• _AIM OF THE EXERCISE_
The records below hold a stretch from the line with "An aged, light" through the line with "A late Victorian"; return exactly those lines, ends included, and nothing more.

-- DATASET EXTRACT follows --

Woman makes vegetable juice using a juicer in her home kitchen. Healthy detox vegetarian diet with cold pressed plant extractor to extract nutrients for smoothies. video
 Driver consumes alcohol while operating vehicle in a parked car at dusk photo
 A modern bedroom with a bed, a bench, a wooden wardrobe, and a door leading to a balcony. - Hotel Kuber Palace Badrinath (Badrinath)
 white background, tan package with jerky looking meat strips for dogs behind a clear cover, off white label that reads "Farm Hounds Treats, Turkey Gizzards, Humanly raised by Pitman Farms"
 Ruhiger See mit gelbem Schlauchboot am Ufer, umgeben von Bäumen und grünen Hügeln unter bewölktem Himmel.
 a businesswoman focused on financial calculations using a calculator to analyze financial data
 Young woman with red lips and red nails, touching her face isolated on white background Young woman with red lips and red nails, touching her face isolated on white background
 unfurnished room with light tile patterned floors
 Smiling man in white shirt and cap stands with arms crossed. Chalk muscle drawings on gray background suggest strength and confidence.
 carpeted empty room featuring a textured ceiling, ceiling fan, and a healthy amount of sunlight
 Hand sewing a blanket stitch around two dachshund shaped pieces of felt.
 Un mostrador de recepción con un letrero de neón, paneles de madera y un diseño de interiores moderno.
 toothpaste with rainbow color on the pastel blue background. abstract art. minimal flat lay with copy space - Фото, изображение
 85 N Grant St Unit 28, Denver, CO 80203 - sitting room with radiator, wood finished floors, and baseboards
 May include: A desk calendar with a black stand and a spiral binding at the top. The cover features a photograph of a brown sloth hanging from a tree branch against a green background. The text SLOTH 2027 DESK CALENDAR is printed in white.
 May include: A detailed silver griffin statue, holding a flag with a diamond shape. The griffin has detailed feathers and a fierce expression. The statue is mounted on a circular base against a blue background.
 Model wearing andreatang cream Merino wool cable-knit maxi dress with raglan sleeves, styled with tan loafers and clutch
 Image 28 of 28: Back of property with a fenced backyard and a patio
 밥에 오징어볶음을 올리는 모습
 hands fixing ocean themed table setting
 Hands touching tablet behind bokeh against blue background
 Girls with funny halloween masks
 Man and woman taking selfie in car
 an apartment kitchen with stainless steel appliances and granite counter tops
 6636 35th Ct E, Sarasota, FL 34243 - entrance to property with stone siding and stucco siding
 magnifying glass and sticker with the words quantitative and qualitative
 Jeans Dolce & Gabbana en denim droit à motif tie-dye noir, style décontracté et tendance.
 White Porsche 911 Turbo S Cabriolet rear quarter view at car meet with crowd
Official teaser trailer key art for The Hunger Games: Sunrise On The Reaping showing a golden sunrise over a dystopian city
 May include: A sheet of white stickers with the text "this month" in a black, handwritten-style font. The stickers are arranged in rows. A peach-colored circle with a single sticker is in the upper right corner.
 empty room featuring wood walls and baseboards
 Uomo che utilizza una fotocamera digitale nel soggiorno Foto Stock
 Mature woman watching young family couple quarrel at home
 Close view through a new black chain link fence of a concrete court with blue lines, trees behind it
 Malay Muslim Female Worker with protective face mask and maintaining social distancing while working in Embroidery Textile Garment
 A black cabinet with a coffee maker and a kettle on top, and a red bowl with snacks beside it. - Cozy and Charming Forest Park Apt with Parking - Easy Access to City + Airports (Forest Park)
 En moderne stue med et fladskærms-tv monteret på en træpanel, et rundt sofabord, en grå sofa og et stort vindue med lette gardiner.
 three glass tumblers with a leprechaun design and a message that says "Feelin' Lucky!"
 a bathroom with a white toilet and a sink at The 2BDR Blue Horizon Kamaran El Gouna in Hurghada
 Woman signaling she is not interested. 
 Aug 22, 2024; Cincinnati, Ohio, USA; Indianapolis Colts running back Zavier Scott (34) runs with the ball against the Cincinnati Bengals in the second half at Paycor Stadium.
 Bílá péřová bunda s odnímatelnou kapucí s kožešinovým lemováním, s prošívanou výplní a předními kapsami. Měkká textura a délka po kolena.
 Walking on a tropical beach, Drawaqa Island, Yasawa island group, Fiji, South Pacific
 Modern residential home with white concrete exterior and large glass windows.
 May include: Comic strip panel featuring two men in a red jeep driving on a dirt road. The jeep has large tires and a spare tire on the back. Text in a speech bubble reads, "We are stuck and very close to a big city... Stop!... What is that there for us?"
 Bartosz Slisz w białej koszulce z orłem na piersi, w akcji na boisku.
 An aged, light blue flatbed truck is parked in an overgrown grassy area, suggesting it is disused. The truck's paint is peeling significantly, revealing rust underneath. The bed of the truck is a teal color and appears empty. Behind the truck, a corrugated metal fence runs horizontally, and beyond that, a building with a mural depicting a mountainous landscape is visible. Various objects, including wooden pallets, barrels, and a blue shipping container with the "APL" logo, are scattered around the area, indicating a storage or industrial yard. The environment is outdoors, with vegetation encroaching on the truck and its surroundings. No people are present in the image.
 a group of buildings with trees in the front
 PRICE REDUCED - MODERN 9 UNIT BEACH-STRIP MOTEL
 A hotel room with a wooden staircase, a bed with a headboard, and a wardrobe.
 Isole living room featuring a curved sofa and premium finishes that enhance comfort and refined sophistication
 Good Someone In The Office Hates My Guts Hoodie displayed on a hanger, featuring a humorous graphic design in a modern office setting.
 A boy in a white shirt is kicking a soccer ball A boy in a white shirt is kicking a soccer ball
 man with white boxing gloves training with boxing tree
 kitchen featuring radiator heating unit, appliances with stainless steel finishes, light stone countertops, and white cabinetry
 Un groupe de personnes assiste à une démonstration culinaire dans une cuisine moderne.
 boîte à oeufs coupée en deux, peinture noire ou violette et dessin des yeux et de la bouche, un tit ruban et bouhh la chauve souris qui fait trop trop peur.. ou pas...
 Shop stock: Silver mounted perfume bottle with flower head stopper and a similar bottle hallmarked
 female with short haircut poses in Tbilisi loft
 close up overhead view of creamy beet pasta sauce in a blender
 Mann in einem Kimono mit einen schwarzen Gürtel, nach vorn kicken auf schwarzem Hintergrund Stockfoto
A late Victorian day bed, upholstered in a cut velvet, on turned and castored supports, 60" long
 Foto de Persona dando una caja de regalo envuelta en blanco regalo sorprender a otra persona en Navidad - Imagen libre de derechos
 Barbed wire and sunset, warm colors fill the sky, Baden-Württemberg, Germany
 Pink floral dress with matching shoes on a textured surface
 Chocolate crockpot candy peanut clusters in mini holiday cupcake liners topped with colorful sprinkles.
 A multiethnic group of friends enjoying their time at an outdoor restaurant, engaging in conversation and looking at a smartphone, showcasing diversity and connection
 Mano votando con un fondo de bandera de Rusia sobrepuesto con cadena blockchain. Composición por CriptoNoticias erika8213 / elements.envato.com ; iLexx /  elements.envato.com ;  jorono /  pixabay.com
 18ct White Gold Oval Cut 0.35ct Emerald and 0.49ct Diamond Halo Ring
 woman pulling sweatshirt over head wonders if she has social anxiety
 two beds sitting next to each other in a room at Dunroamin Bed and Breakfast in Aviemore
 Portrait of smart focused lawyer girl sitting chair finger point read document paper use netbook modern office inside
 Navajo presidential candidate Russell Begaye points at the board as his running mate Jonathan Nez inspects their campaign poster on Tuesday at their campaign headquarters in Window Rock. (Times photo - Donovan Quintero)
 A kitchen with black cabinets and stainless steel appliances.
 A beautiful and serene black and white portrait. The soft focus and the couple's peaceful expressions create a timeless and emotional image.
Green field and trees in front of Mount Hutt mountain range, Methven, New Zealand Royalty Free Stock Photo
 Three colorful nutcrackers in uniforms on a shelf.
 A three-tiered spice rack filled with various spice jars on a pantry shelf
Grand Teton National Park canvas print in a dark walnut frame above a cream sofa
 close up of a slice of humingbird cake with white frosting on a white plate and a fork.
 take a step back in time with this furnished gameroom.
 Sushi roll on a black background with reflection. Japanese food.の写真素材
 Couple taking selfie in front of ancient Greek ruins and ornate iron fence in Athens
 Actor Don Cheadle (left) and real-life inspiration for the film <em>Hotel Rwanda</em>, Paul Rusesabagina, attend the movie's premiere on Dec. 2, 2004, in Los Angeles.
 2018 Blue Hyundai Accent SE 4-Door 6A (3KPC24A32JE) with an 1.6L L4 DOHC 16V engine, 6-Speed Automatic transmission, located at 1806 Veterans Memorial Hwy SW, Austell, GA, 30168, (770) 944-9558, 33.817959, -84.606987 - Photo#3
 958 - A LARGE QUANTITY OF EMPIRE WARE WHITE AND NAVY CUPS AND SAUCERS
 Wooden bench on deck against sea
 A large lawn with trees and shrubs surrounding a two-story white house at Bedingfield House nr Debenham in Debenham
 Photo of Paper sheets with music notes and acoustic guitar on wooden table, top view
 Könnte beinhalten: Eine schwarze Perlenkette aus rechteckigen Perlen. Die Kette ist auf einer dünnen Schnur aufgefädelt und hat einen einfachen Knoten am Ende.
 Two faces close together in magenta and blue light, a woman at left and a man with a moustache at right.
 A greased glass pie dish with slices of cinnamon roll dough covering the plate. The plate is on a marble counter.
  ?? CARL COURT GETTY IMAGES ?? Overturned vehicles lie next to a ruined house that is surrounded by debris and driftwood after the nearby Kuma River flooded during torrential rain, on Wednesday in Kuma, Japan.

-- DATASET EXTRACT concluded --

• _TASK RESPONSE_
 An aged, light blue flatbed truck is parked in an overgrown grassy area, suggesting it is disused. The truck's paint is peeling significantly, revealing rust underneath. The bed of the truck is a teal color and appears empty. Behind the truck, a corrugated metal fence runs horizontally, and beyond that, a building with a mural depicting a mountainous landscape is visible. Various objects, including wooden pallets, barrels, and a blue shipping container with the "APL" logo, are scattered around the area, indicating a storage or industrial yard. The environment is outdoors, with vegetation encroaching on the truck and its surroundings. No people are present in the image.
 a group of buildings with trees in the front
 PRICE REDUCED - MODERN 9 UNIT BEACH-STRIP MOTEL
 A hotel room with a wooden staircase, a bed with a headboard, and a wardrobe.
 Isole living room featuring a curved sofa and premium finishes that enhance comfort and refined sophistication
 Good Someone In The Office Hates My Guts Hoodie displayed on a hanger, featuring a humorous graphic design in a modern office setting.
 A boy in a white shirt is kicking a soccer ball A boy in a white shirt is kicking a soccer ball
 man with white boxing gloves training with boxing tree
 kitchen featuring radiator heating unit, appliances with stainless steel finishes, light stone countertops, and white cabinetry
 Un groupe de personnes assiste à une démonstration culinaire dans une cuisine moderne.
 boîte à oeufs coupée en deux, peinture noire ou violette et dessin des yeux et de la bouche, un tit ruban et bouhh la chauve souris qui fait trop trop peur.. ou pas...
 Shop stock: Silver mounted perfume bottle with flower head stopper and a similar bottle hallmarked
 female with short haircut poses in Tbilisi loft
 close up overhead view of creamy beet pasta sauce in a blender
 Mann in einem Kimono mit einen schwarzen Gürtel, nach vorn kicken auf schwarzem Hintergrund Stockfoto
A late Victorian day bed, upholstered in a cut velvet, on turned and castored supports, 60" long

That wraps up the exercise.